Supplied material START

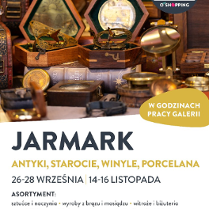 Baner promujący wydarzenie. Nazwa wydarzenia.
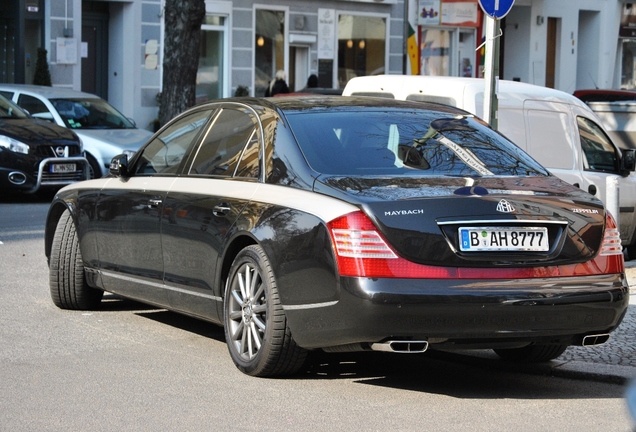 Maybach 57 S Zeppelin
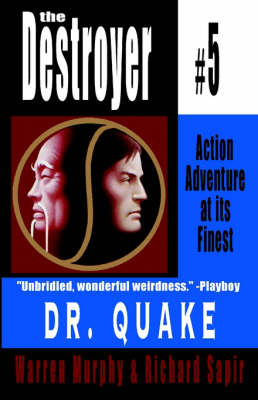 Cover of Dr. Quake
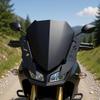Motorcycle Wind Deflector for MT-15 MT-125 Windshield Extension Spoiler For Street Cruisers And Retro Bikes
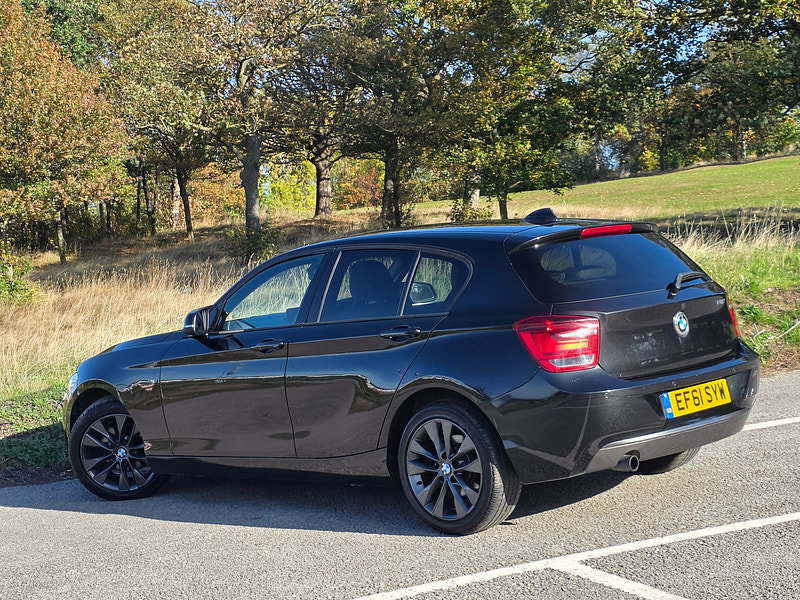 BMW 1 Series 1.6 118i Urban Hatchback 5dr Petrol Auto Euro 5 (s/s) (170 ps)
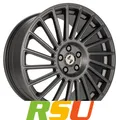 4x Etabeta Venti-R anthracite matt 9x20" ET38 LK5 112 ML 78.1 Alufelgen 20 Zoll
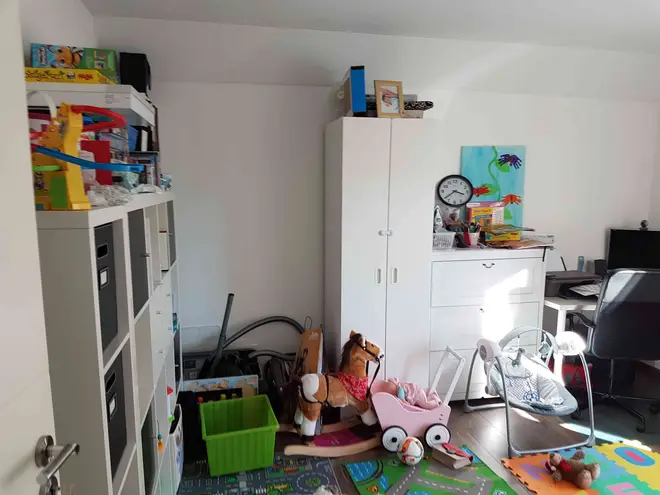 4 Zimmer Wohnung mit 90 m² in Augsburg – Bild 5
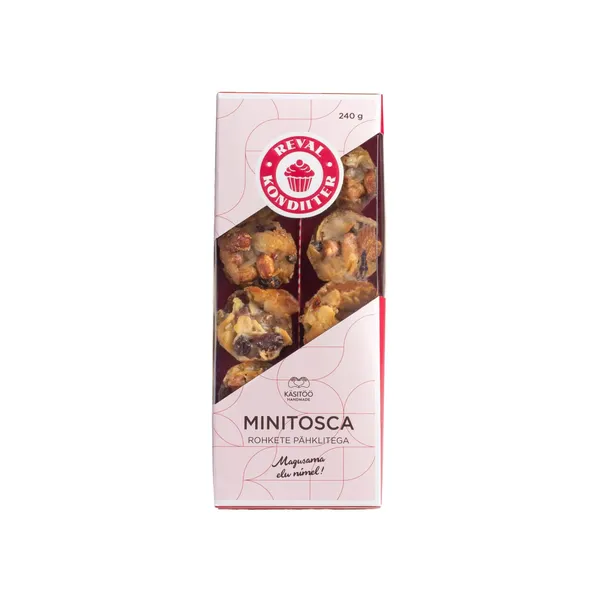 Minitosca Reval Kondiiter 240g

Supplied material END

Task instructions: Only one stretch of the entries above is needed: the lines from the one containing "Motorcycle Wind Deflector" through the one containing "4x Etabeta Venti-R". Copy it exactly, without the pictures.

Task answer:
Motorcycle Wind Deflector for MT-15 MT-125 Windshield Extension Spoiler For Street Cruisers And Retro Bikes
 BMW 1 Series 1.6 118i Urban Hatchback 5dr Petrol Auto Euro 5 (s/s) (170 ps)
 4x Etabeta Venti-R anthracite matt 9x20" ET38 LK5 112 ML 78.1 Alufelgen 20 Zoll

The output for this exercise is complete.